* [What this task involves]:
Below is a listing. Quote from it, exactly, the lines from the one containing "myntra.com Kuber Industries" down to the one containing "Tên Trịnh Sảng", both ends included, and nothing else.

* [Data to process]:
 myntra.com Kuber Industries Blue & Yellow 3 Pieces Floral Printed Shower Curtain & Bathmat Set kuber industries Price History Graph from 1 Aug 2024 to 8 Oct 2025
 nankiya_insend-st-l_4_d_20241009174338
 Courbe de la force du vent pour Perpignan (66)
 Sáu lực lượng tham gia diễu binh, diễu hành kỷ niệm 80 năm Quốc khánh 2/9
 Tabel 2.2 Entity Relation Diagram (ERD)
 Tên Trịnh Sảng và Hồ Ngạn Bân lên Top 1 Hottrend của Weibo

...

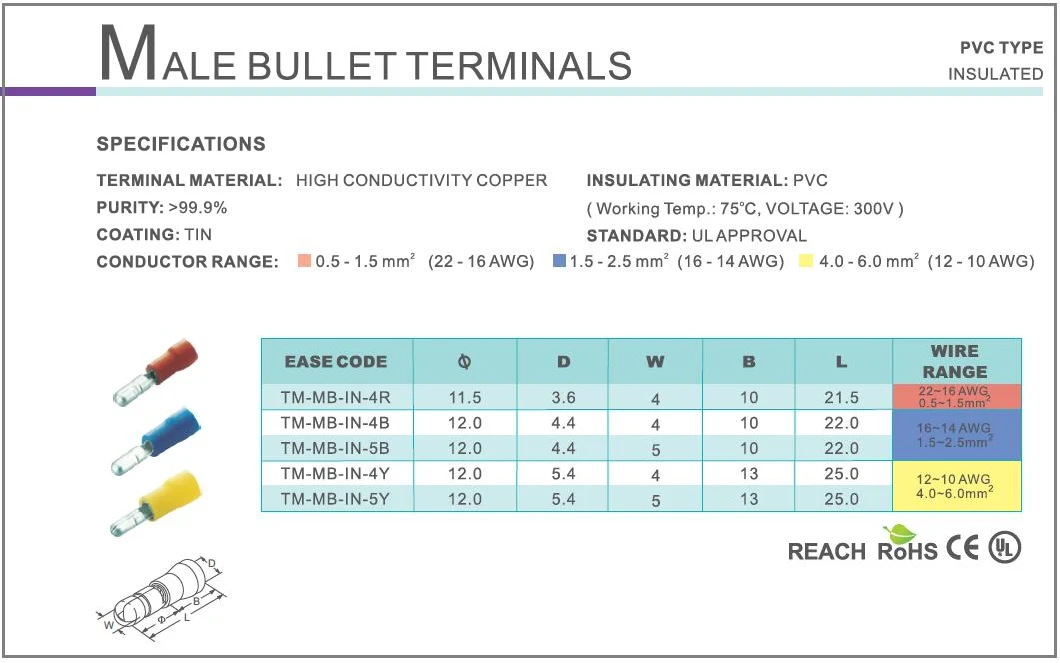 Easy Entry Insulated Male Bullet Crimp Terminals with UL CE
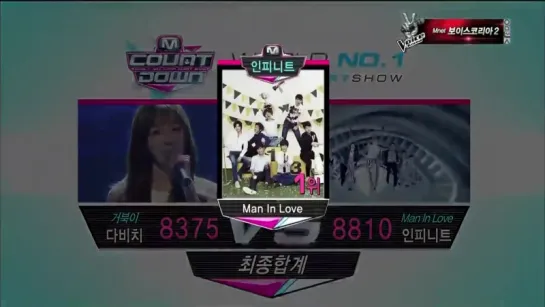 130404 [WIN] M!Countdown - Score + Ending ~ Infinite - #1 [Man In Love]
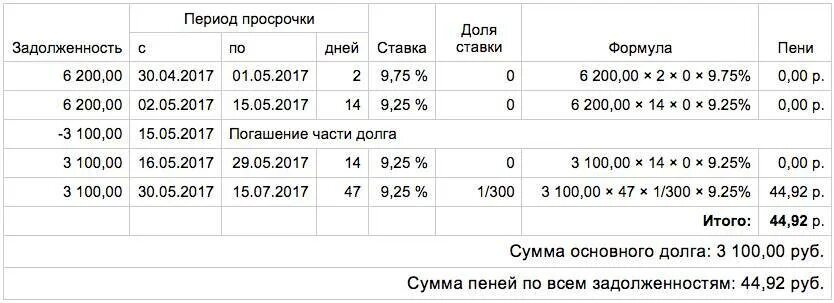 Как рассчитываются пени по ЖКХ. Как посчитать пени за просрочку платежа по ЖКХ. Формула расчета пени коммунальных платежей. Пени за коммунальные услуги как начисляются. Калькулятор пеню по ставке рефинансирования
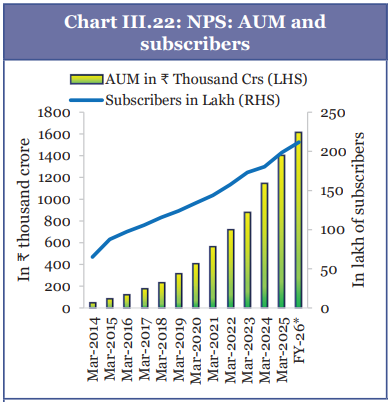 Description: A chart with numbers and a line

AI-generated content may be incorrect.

* [Response to the task]:
 myntra.com Kuber Industries Blue & Yellow 3 Pieces Floral Printed Shower Curtain & Bathmat Set kuber industries Price History Graph from 1 Aug 2024 to 8 Oct 2025
 nankiya_insend-st-l_4_d_20241009174338
 Courbe de la force du vent pour Perpignan (66)
 Sáu lực lượng tham gia diễu binh, diễu hành kỷ niệm 80 năm Quốc khánh 2/9
 Tabel 2.2 Entity Relation Diagram (ERD)
 Tên Trịnh Sảng và Hồ Ngạn Bân lên Top 1 Hottrend của Weibo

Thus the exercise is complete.